* ASSIGNED TASK
The expected output is exactly the lines below, starting at the line with "Austin, TX 78724" and ending at the line with "Used 2025 Chevrolet", both included; no other line belongs in it.

[Short descriptive text snippets]
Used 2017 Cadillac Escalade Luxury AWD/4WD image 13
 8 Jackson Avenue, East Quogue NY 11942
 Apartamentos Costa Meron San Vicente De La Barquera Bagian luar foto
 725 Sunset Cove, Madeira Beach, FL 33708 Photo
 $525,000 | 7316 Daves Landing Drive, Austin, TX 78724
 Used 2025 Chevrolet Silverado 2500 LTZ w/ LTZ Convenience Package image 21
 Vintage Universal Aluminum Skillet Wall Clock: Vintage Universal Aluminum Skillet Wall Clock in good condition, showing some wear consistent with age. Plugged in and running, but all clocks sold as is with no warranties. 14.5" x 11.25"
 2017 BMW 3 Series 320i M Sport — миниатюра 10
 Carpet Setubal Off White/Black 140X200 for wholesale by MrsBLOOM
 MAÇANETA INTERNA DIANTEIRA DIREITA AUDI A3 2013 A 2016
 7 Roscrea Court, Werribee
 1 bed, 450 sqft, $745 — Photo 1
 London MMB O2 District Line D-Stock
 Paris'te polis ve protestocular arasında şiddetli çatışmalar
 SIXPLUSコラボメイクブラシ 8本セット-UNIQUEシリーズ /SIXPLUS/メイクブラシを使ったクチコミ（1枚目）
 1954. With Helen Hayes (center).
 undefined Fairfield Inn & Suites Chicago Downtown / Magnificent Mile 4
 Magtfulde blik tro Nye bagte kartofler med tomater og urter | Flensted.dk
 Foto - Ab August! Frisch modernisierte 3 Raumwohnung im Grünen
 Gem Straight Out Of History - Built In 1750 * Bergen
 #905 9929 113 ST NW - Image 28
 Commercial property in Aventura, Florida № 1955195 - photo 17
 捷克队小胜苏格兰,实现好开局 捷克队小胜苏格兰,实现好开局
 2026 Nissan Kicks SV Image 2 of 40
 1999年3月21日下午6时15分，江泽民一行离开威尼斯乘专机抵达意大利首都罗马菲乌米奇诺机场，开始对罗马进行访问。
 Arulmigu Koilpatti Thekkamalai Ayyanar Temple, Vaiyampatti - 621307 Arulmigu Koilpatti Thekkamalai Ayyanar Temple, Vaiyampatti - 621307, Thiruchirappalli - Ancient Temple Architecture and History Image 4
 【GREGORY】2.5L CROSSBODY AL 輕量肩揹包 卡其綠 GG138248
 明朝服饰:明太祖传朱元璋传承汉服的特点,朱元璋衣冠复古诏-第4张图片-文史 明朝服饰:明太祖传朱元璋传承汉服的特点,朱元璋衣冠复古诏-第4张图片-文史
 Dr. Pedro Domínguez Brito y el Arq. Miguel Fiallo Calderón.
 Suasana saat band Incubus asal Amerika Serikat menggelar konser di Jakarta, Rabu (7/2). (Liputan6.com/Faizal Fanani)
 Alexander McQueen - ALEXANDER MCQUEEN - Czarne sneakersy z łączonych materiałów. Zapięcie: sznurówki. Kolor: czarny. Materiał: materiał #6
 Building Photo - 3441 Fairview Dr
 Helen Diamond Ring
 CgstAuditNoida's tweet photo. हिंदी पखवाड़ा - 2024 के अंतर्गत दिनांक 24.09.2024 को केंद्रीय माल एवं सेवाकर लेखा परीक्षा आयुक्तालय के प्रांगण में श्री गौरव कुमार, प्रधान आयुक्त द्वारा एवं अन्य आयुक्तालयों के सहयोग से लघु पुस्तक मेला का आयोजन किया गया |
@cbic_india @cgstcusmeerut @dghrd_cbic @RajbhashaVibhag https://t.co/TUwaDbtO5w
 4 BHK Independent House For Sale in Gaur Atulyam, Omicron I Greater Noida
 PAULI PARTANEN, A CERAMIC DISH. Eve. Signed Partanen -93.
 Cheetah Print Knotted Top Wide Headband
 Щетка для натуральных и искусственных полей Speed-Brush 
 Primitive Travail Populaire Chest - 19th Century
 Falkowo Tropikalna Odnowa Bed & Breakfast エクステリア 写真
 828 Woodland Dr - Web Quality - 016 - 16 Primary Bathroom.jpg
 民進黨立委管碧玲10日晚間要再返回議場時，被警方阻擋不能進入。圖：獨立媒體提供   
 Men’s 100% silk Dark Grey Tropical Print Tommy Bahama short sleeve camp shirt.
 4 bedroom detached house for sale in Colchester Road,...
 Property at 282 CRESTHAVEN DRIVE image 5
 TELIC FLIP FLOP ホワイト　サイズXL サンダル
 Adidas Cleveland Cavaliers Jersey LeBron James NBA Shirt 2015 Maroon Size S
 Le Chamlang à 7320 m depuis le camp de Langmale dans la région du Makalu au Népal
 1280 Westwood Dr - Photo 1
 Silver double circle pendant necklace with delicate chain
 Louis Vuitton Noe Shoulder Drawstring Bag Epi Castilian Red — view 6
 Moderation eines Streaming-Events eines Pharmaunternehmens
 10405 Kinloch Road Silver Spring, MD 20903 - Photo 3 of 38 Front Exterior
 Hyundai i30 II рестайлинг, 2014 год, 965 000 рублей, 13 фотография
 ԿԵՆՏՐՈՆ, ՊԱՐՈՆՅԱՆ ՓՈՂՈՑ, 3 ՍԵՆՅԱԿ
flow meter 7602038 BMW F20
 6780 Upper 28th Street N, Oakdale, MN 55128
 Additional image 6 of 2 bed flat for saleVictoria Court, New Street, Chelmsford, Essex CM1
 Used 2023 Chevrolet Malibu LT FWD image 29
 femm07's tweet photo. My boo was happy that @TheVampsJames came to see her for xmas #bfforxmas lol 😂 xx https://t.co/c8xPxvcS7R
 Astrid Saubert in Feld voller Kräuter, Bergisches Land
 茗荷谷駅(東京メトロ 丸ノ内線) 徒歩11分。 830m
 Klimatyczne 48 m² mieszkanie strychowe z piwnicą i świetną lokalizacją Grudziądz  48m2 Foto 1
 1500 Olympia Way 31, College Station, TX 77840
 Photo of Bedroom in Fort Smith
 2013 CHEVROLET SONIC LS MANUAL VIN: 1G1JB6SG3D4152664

* ANSWER FOR THIS EXERCISE
 $525,000 | 7316 Daves Landing Drive, Austin, TX 78724
 Used 2025 Chevrolet Silverado 2500 LTZ w/ LTZ Convenience Package image 21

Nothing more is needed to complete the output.